Sidney Sheldon
The Sky Is Falling
For Alexandra
The Angel On My Shoulder
The Sky is falling! The Sky is falling!
– Chicken Little
Show me a hero and I will write you a tragedy.
– F. Scott Fitzgerald
Author’s Note
THIS IS A WORK of fiction, but the secret underground city of Krasnoyarsk-26 is real, one of thirteen closed cities engaged in nuclear production. Krasnoyarsk-26 is located in central Siberia, two thousand miles from Moscow, and since its creation in 1958, it has produced more than forty-five tons of weapons-grade plutonium. Although two of its plutonium-producing reactors were shut down in 1992, one remains active, currently producing half a ton of plutonium a year, which can be used to make atomic bombs.

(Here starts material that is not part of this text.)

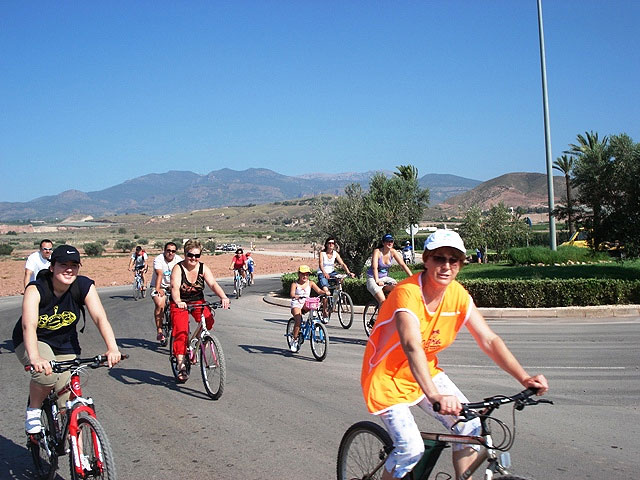 Las fiestas de la Pedanía de La Costera, en Totana, superaron todas las expectativas en su séptimo año - 2, Foto 2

There have been reported thefts of plutonium, and the United States Energy Department is working with the Russian government on increased security measures to stop nuclear material from being sold to other countries.
Prologue
CONFIDENTIAL MINUTES TO ALL OPERATION PERSONNEL: DESTROY IMMEDIATELY AFTER READING.
LOCATION: CLASSIFIED
DATE: CLASSIFIED
THERE WERE TWELVE MENin the heavily guarded underground chamber, representing twelve far-flung countries. They were seated in comfortable chairs set in six rows, several feet apart. They listened intently as the speaker addressed them.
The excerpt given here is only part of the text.